Valerian may provide modest improvements in sleep, but study results are mixed.

In laboratory experiments, valerian extract prevents the breakdown of an important inhibitory neurotransmitter chemical in the nervous system, causing a calming effect. Human studies suggest valerian products have a modest effect to improve sleep quality. Valerian supplements often have a distinct odor that some may find unpleasant, and these products might interact with a number of drugs or health conditions. More research is needed to determine the benefits and safety of this botanical.

  • To treat anxiety
    Several analyses have determined there is not enough evidence to determine whether valerian can treat anxiety.
  • To treat insomnia
    It is possible that valerian may provide modest improvements in sleep quality. Although a study in cancer patients did not find this to be true, valerian did appear to improve other symptoms such as fatigue, how long it took to fall asleep, and quantity of sleep per night.
  • To calm muscle spasms
    Laboratory studies suggest positive effects, and an initial study indicates that valerian may be helpful for menstrual cramps.
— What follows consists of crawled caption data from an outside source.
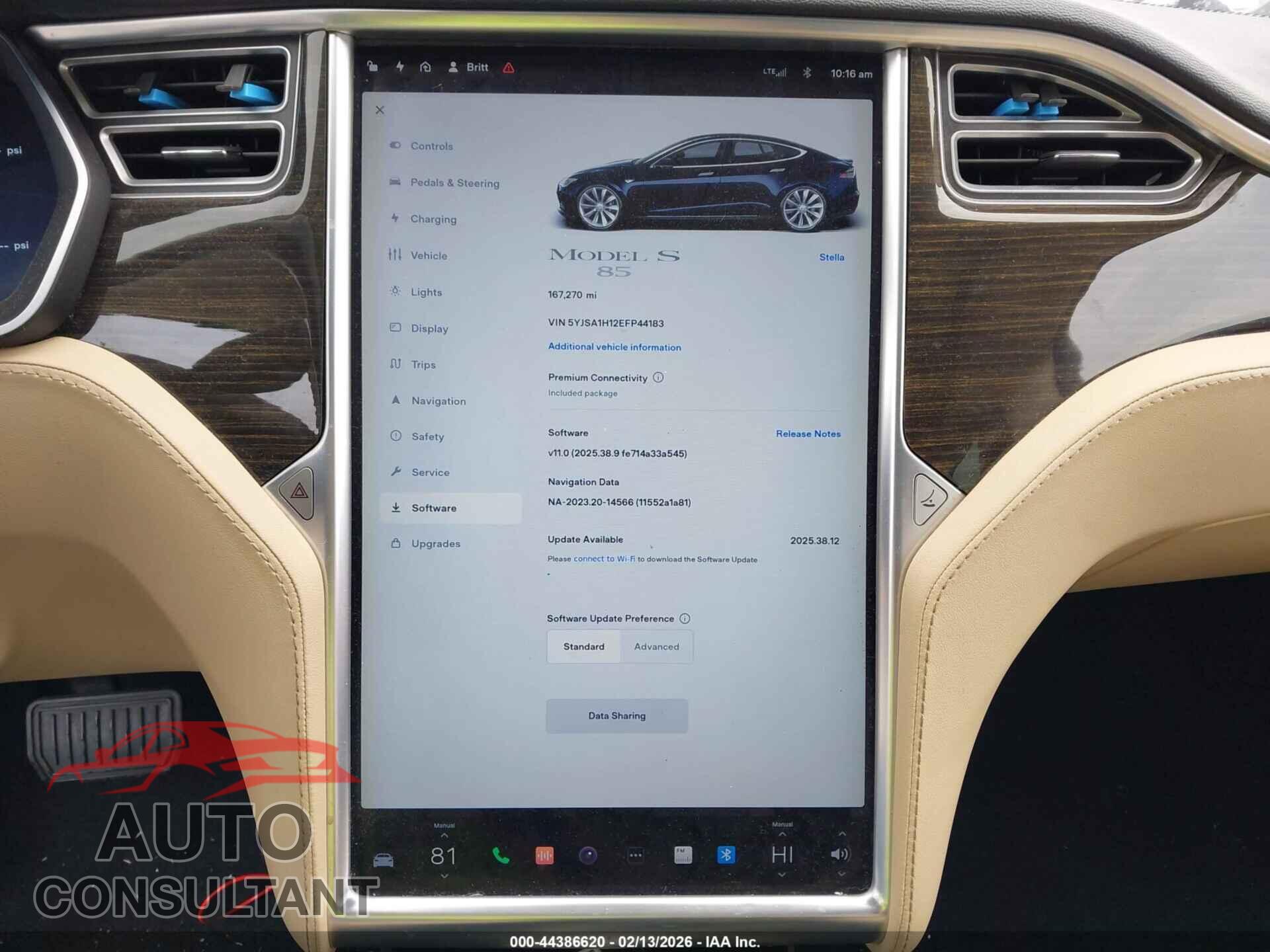 TESLA MODEL S 2014 - 5YJSA1H12EFP44183
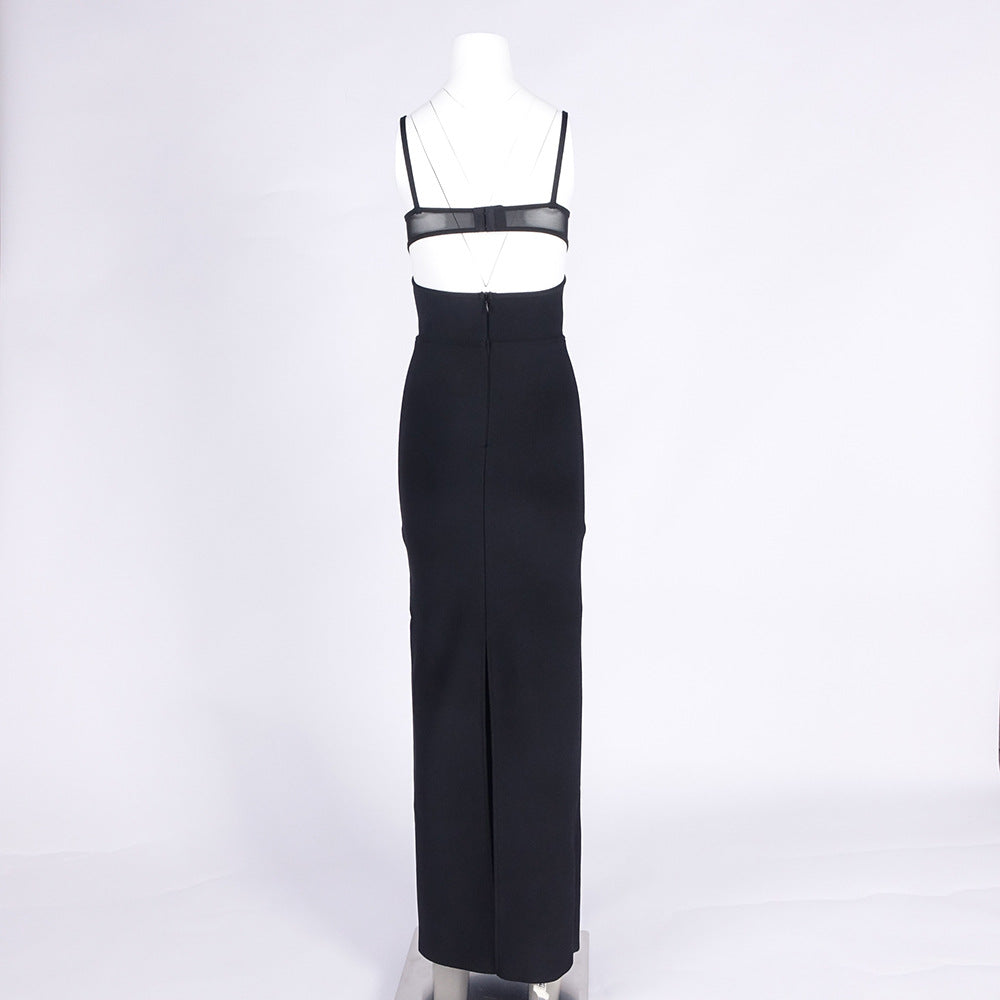 Sultry Black Sheer Mesh Cutout Bandage Maxi Dress | Figure-Flattering Gown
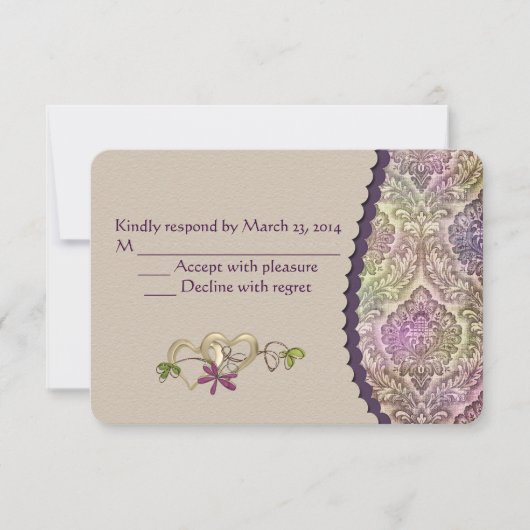 Weddenschap Damask Design RSVP Kaartje (Voorkant)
  • To treat menopausal symptoms
    Two studies have shown that valerian may improve hot flashes and insomnia in postmenopausal women.
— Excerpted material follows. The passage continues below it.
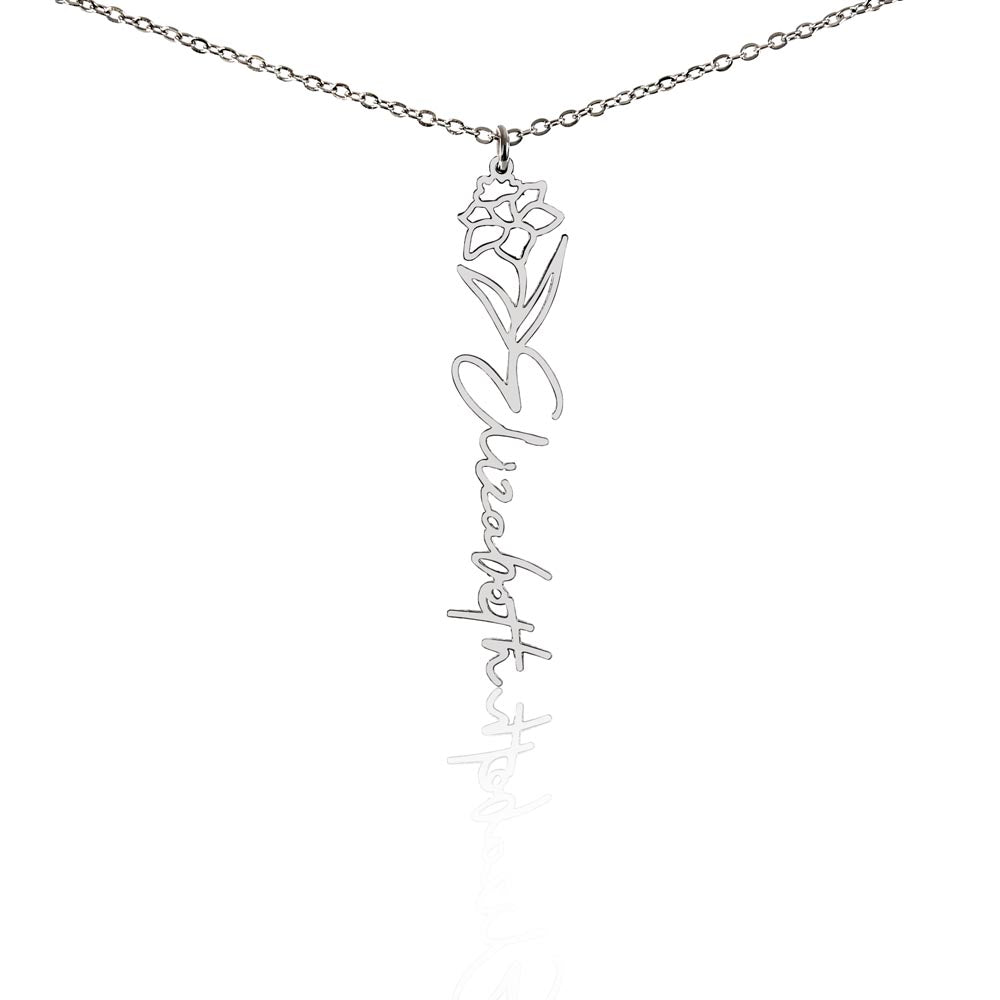 Birth Month Flower Name Necklace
  • Valerian should be stopped at least 1 week before surgery because it can interfere with general anesthesia.
  • Patients should not drive or operate dangerous machinery after taking valerian because it could disrupt the ability to process information, perform tasks, or be alert.
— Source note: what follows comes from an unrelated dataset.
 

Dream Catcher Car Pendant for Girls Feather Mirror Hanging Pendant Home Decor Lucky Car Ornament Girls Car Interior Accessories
  • Withdrawal symptoms may occur in those taking valerian for a period of time, if valerian is discontinued abruptly.
  • You are taking barbiturates, benzodiazepines, or other central nervous system drugs used to treat conditions such as anxiety, insomnia, seizures, or psychiatric disorders: Valerian lengthens the sedation time caused by these drugs and may have other added effects.
  • You are taking haloperidol: Valerian may increase effects and cause liver damage.
  • You are taking drugs that are substrates of P-glycoprotein: Valerian may increase the risk of side effects of these drugs.
  • You are taking drugs that are substrates of cytochrome P450: Valerian may increase the risk of side effects of these drugs.
  • You have pancreatic, liver, or gall bladder disease: Valerian usage has been associated with cases of liver damage and acute infection of the pancreas.
  • You are driving or operating machinery: Valerian may affect your performance or functioning.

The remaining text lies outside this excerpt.